◆ ABOUT THIS EXERCISE:
The data is to be reproduced in full and without error.

Segment Open

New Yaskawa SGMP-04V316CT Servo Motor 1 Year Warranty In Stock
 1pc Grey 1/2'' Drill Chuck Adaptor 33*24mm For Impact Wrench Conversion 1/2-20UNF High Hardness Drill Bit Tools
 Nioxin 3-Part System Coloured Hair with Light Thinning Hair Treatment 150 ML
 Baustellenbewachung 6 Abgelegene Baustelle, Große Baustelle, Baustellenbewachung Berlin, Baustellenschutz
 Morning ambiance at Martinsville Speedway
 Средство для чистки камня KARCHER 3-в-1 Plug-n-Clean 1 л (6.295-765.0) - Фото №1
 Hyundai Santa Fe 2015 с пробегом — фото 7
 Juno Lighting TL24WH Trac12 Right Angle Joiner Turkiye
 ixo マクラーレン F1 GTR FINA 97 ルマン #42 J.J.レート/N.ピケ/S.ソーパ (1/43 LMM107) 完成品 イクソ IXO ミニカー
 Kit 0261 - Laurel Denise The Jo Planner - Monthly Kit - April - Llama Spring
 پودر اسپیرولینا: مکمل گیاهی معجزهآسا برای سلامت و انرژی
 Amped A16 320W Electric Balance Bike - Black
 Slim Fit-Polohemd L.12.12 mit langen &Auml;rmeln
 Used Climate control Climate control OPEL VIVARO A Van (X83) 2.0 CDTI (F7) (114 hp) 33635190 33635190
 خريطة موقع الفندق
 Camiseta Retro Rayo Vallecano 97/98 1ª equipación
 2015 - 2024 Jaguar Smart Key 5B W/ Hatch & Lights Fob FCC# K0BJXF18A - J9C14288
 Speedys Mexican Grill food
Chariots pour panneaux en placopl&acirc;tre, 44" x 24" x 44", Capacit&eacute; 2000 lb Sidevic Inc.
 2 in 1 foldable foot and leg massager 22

Segment Closed

◆ EXPECTED ANSWER:
New Yaskawa SGMP-04V316CT Servo Motor 1 Year Warranty In Stock
 1pc Grey 1/2'' Drill Chuck Adaptor 33*24mm For Impact Wrench Conversion 1/2-20UNF High Hardness Drill Bit Tools
 Nioxin 3-Part System Coloured Hair with Light Thinning Hair Treatment 150 ML
 Baustellenbewachung 6 Abgelegene Baustelle, Große Baustelle, Baustellenbewachung Berlin, Baustellenschutz
 Morning ambiance at Martinsville Speedway
 Средство для чистки камня KARCHER 3-в-1 Plug-n-Clean 1 л (6.295-765.0) - Фото №1
 Hyundai Santa Fe 2015 с пробегом — фото 7
 Juno Lighting TL24WH Trac12 Right Angle Joiner Turkiye
 ixo マクラーレン F1 GTR FINA 97 ルマン #42 J.J.レート/N.ピケ/S.ソーパ (1/43 LMM107) 完成品 イクソ IXO ミニカー
 Kit 0261 - Laurel Denise The Jo Planner - Monthly Kit - April - Llama Spring
 پودر اسپیرولینا: مکمل گیاهی معجزهآسا برای سلامت و انرژی
 Amped A16 320W Electric Balance Bike - Black
 Slim Fit-Polohemd L.12.12 mit langen &Auml;rmeln
 Used Climate control Climate control OPEL VIVARO A Van (X83) 2.0 CDTI (F7) (114 hp) 33635190 33635190
 خريطة موقع الفندق
 Camiseta Retro Rayo Vallecano 97/98 1ª equipación
 2015 - 2024 Jaguar Smart Key 5B W/ Hatch & Lights Fob FCC# K0BJXF18A - J9C14288
 Speedys Mexican Grill food
Chariots pour panneaux en placopl&acirc;tre, 44" x 24" x 44", Capacit&eacute; 2000 lb Sidevic Inc.
 2 in 1 foldable foot and leg massager 22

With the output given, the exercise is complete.